WORK INSTRUCTION: Reproduce exactly, leaving out pictures, each line from the one holding "3pcs Donald Duck" through the final line of the listing, and add nothing.

EXTRACTED ENTRIES:

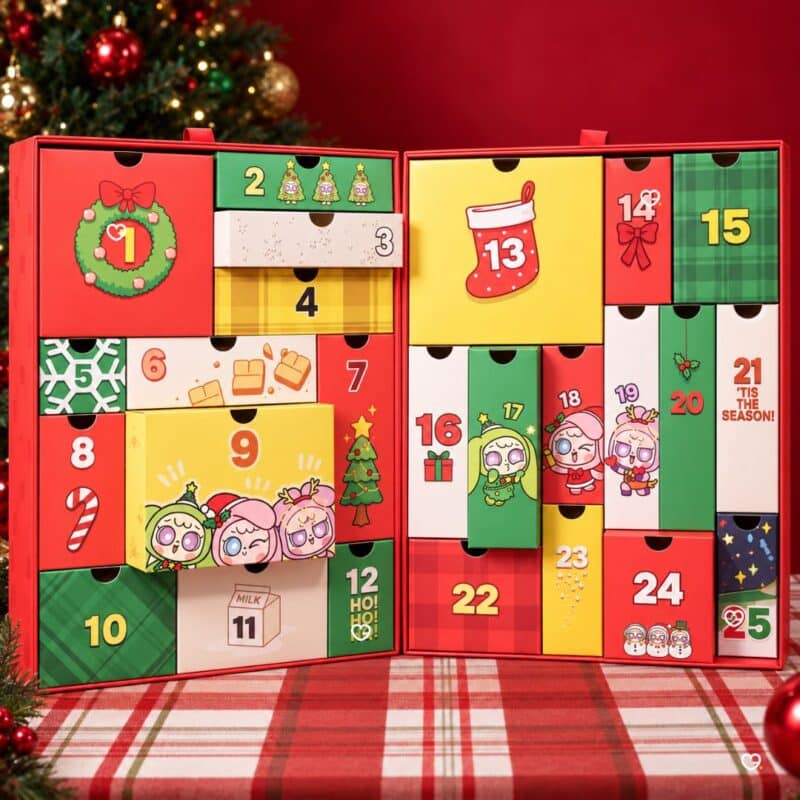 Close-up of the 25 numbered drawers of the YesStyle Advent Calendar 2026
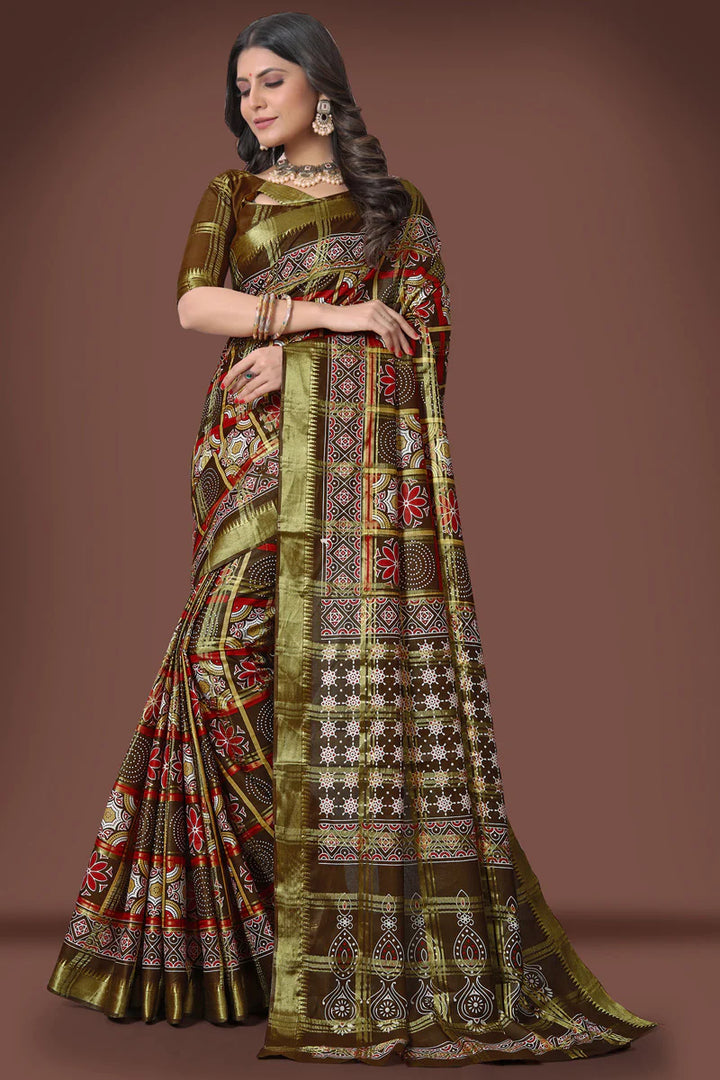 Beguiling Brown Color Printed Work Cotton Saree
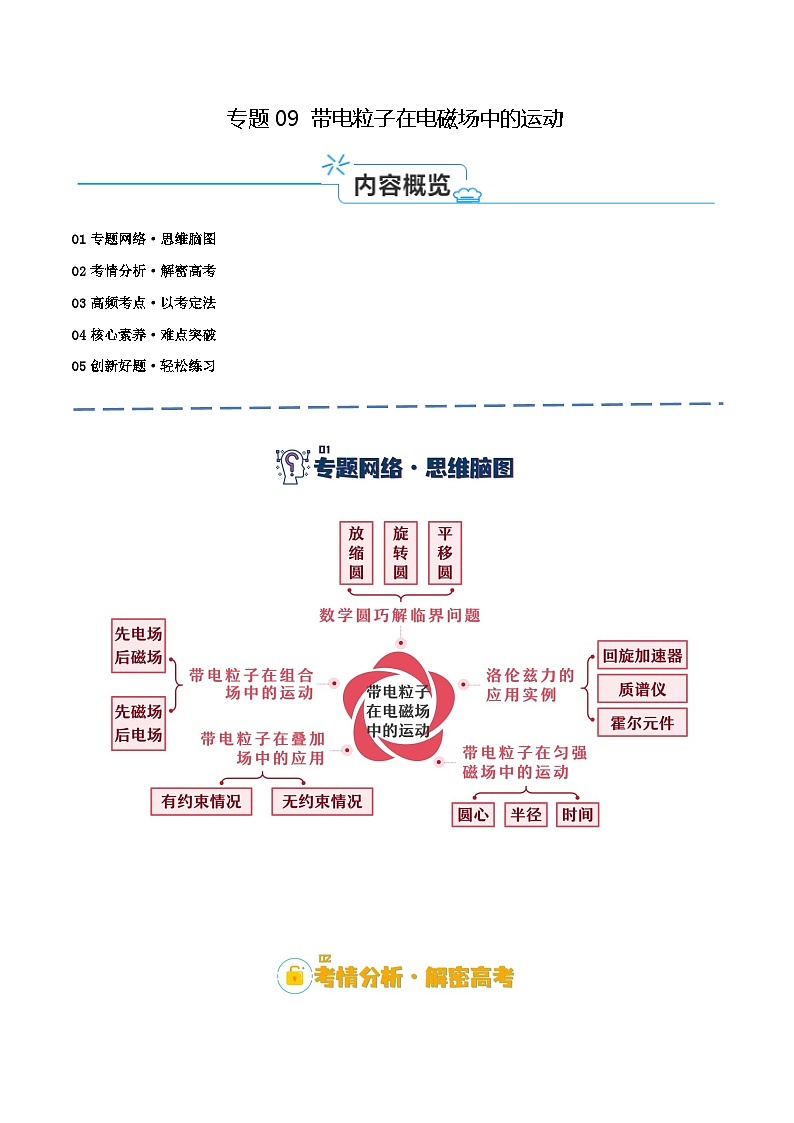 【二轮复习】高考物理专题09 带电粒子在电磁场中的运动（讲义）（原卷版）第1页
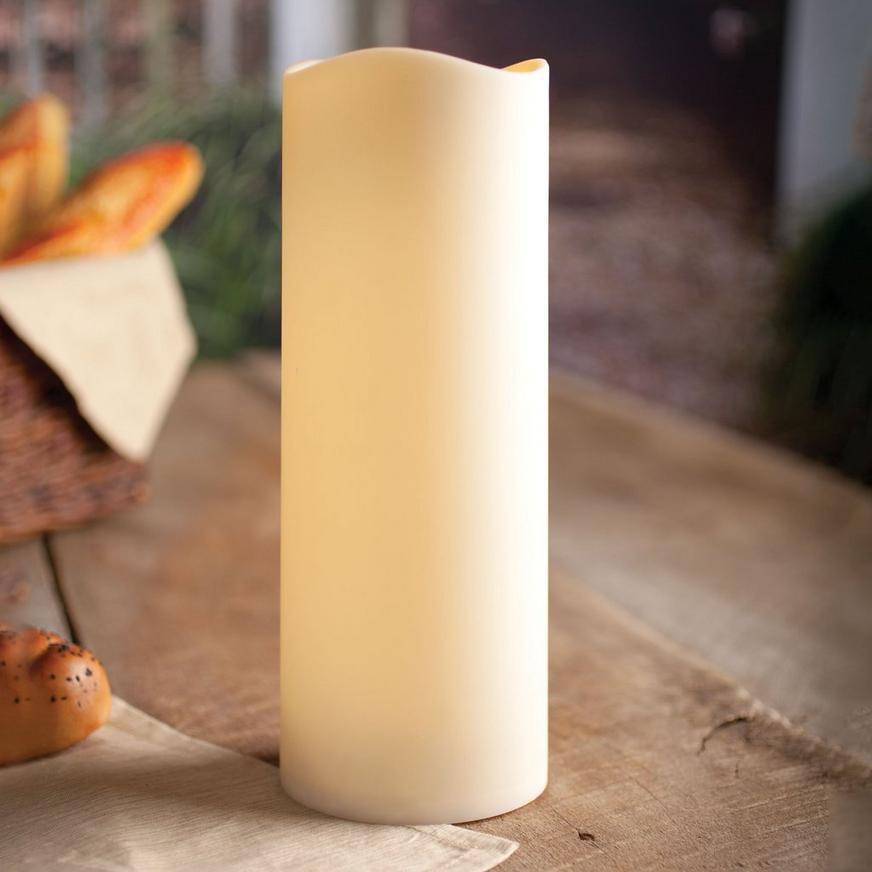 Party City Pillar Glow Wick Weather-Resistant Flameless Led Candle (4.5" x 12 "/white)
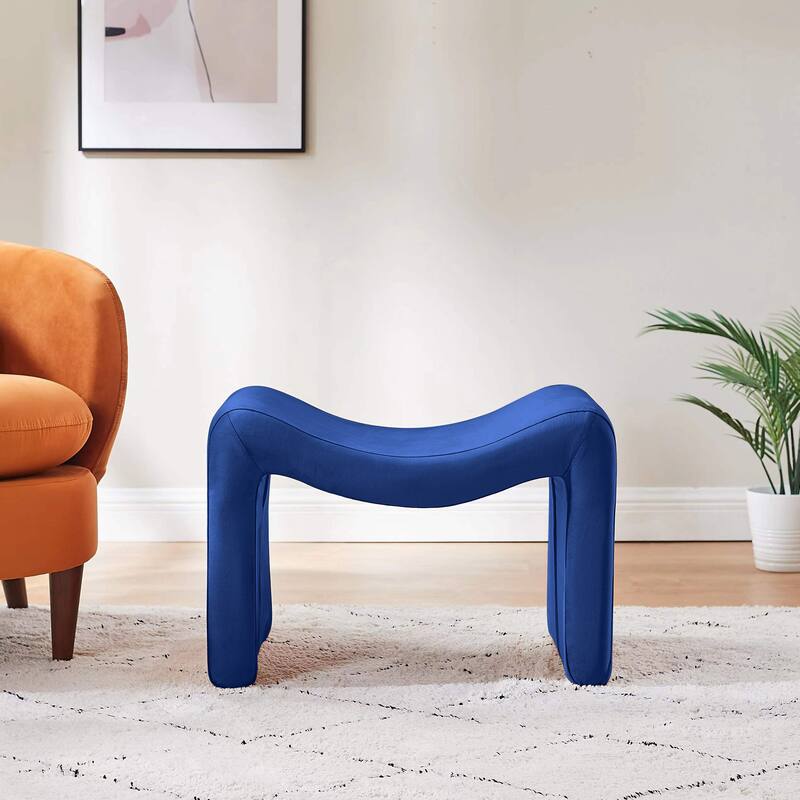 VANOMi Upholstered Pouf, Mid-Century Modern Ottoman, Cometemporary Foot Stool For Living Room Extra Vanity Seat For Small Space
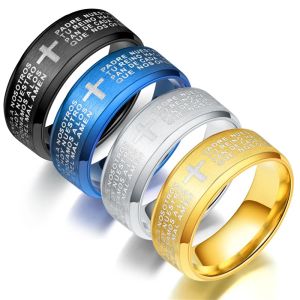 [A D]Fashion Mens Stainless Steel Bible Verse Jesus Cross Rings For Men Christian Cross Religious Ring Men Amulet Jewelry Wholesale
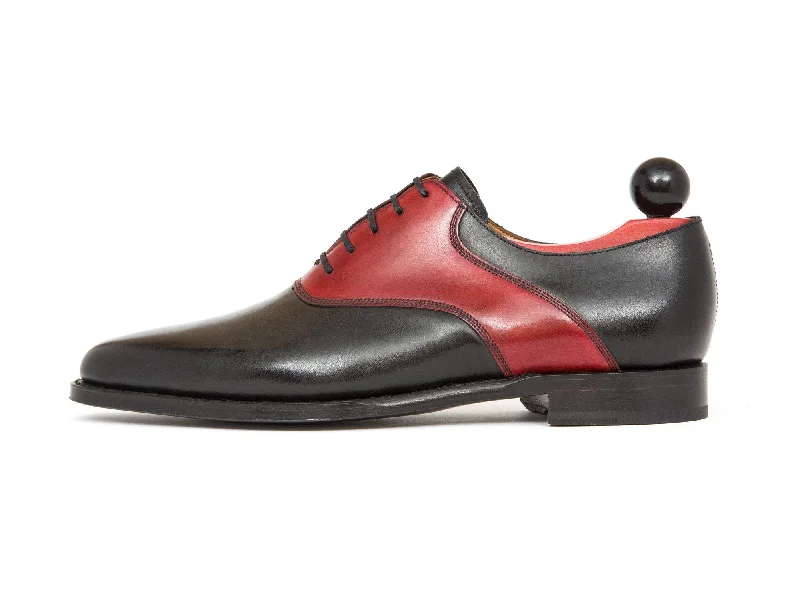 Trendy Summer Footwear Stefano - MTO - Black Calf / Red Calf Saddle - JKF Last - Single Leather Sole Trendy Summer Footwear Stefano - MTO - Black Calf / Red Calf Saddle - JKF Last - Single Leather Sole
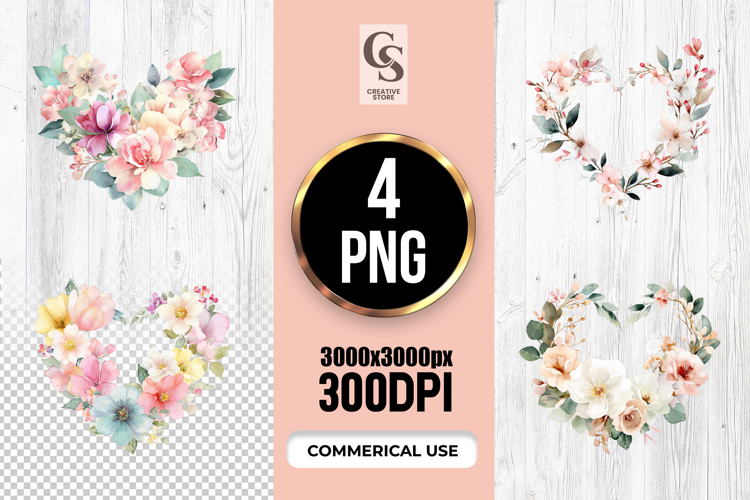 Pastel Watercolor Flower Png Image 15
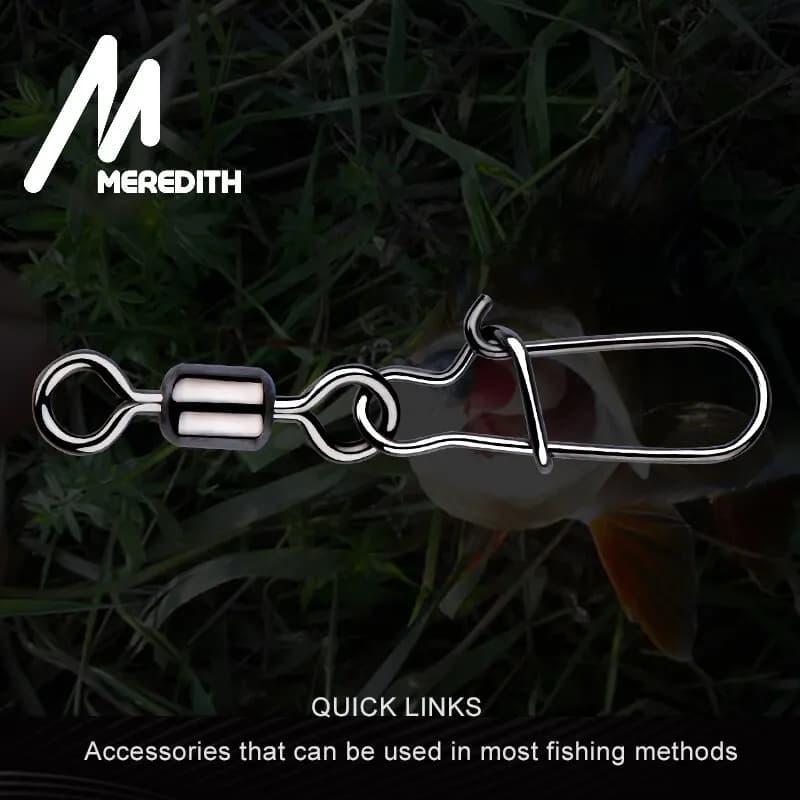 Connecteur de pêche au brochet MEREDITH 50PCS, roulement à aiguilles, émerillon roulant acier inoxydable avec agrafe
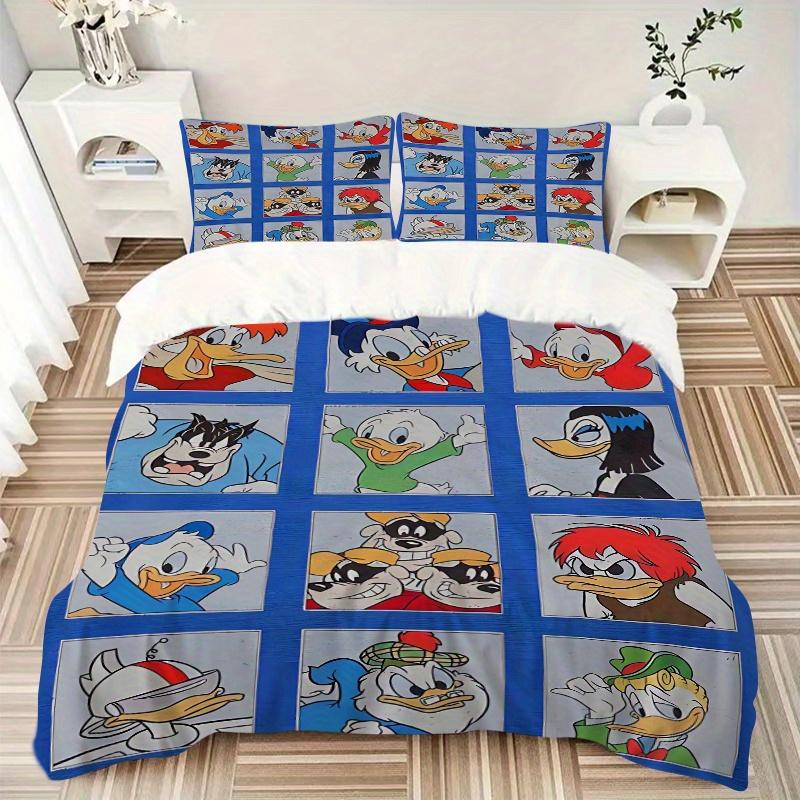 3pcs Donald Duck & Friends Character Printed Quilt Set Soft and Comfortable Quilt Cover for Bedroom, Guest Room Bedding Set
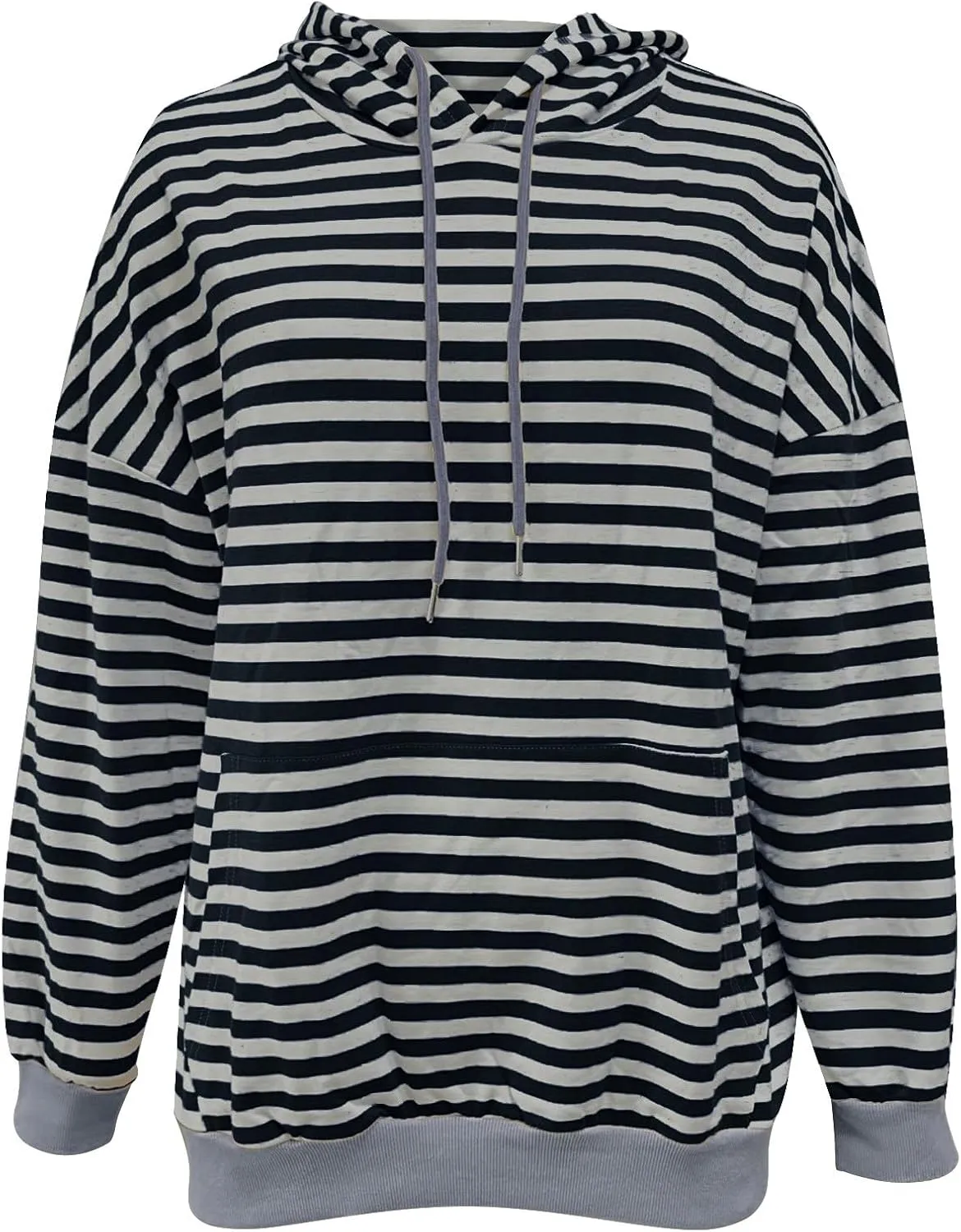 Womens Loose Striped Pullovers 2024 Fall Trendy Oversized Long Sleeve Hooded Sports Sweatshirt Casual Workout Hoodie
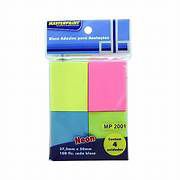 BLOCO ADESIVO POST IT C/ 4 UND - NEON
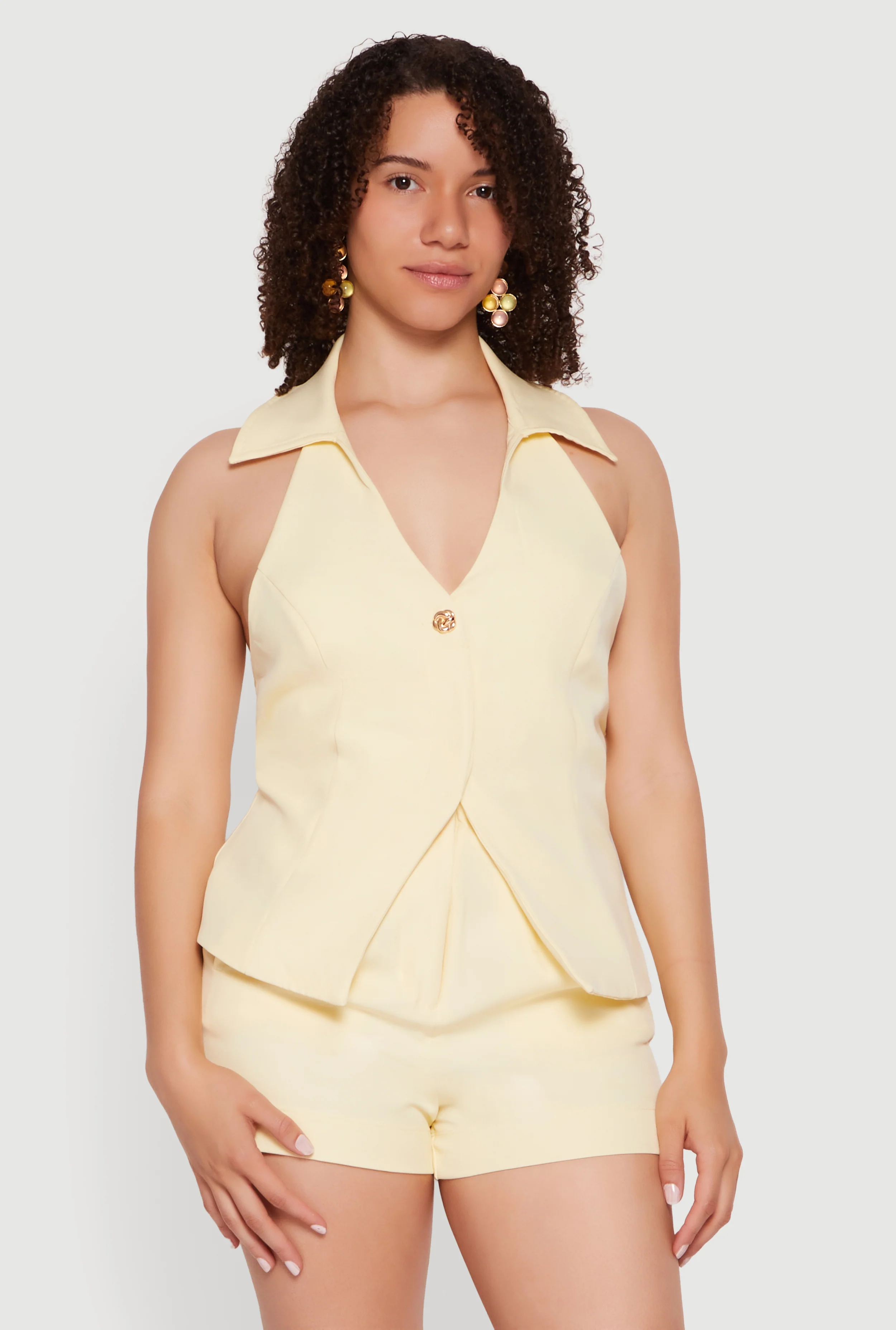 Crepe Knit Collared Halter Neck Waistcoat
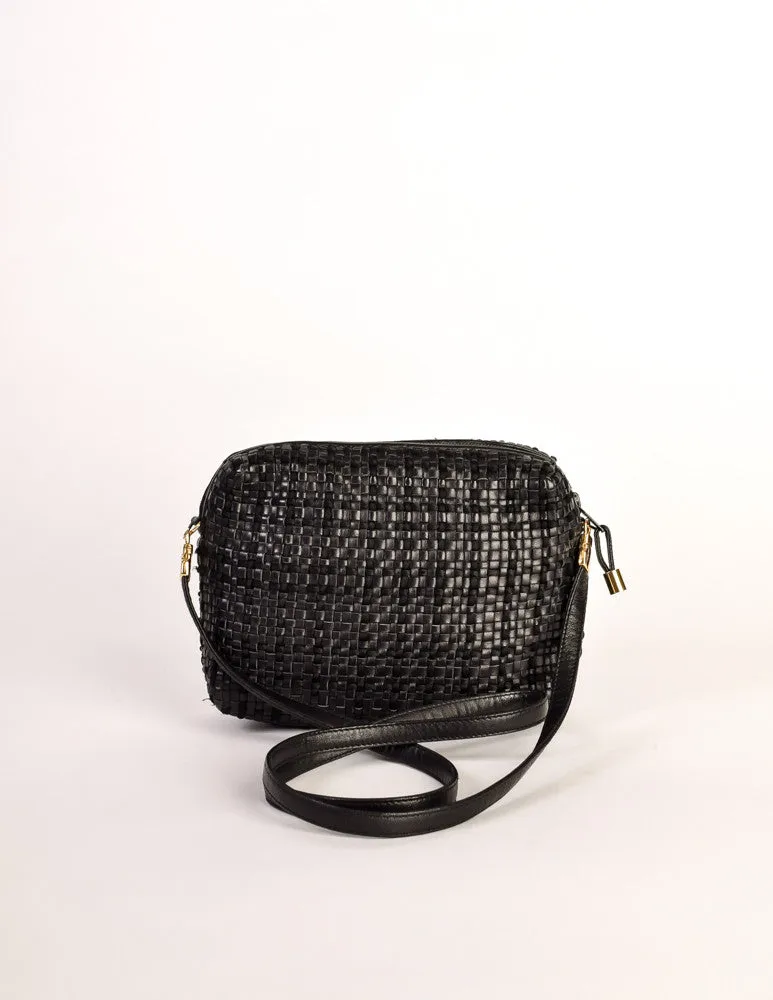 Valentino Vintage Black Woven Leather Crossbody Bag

TASK OUTPUT:
 3pcs Donald Duck & Friends Character Printed Quilt Set Soft and Comfortable Quilt Cover for Bedroom, Guest Room Bedding Set
 Womens Loose Striped Pullovers 2024 Fall Trendy Oversized Long Sleeve Hooded Sports Sweatshirt Casual Workout Hoodie
 BLOCO ADESIVO POST IT C/ 4 UND - NEON
 Crepe Knit Collared Halter Neck Waistcoat
 Valentino Vintage Black Woven Leather Crossbody Bag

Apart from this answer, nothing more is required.